# Wow! Competitions



## polly (Apr 17, 2009)

Hi everyone

Wow you guys are SO creative! Just had a look at the voting thread 

I am trying something similar for my signature and would like to test it out. Could someone please tell me what size the signature picture is allowed to be? And also how to upload it.

How do I qualify to be part of the competitions?


----------



## polly (Apr 17, 2009)

Yeah! My signature is working? Is it too big or too small?
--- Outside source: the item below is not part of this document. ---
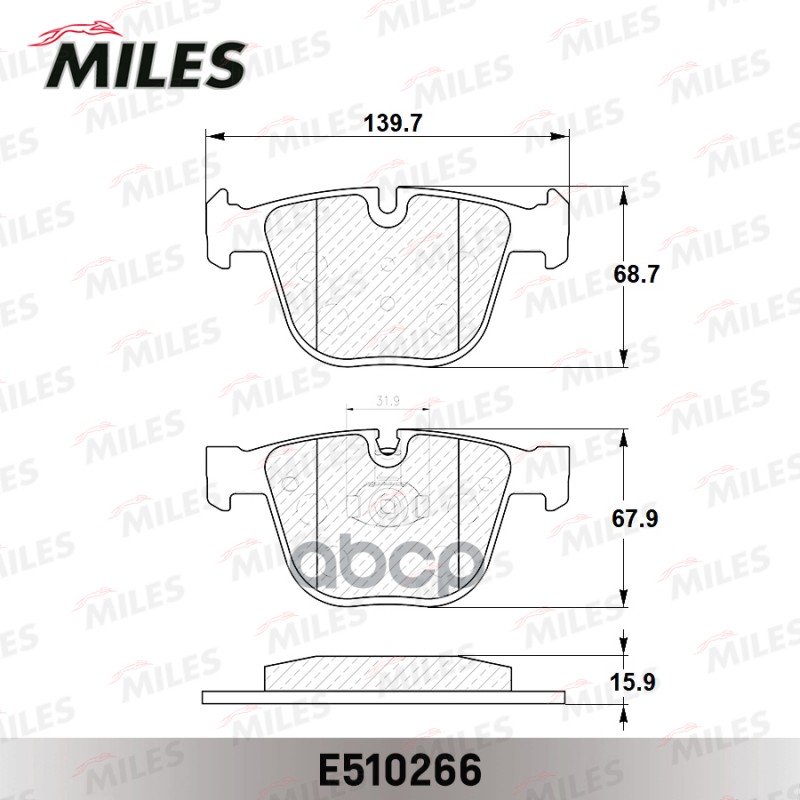 Колодки тормозные BMW E60/E61/E65/E66/E70/E71 задние Ceramic Miles арт. e510266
And my two cats are Bonnie and Cleo 

Cleo is the Birman and Bonnie the small tabby! Maybe I should add their names to the signature...mmm


----------



## doodlebug (May 13, 2006)

Your signature size is fine, max allowed is 120 pixels high x 500 wide. Very cute BTW.

Yes, you can participate in any of the contests when they're open for entries. It will be a week or so before there's another graphics contest. There's a photo contest going on in the Lounge that is open for entries until this weekend.

viewtopic.php?f=13&t=58168


----------



## polly (Apr 17, 2009)

Thank you!

hehe I changed it again and again... teaching myself a bit of digital scrapbooking, but I am so slow... lol its taking me forever to do the editing.

Thanks for the help. I am not very good at picture taking, so I will wait for the next graphic competition!


----------



## marie73 (Jul 12, 2006)

Yay! Someone else with a Birman!

More pictures, please!


----------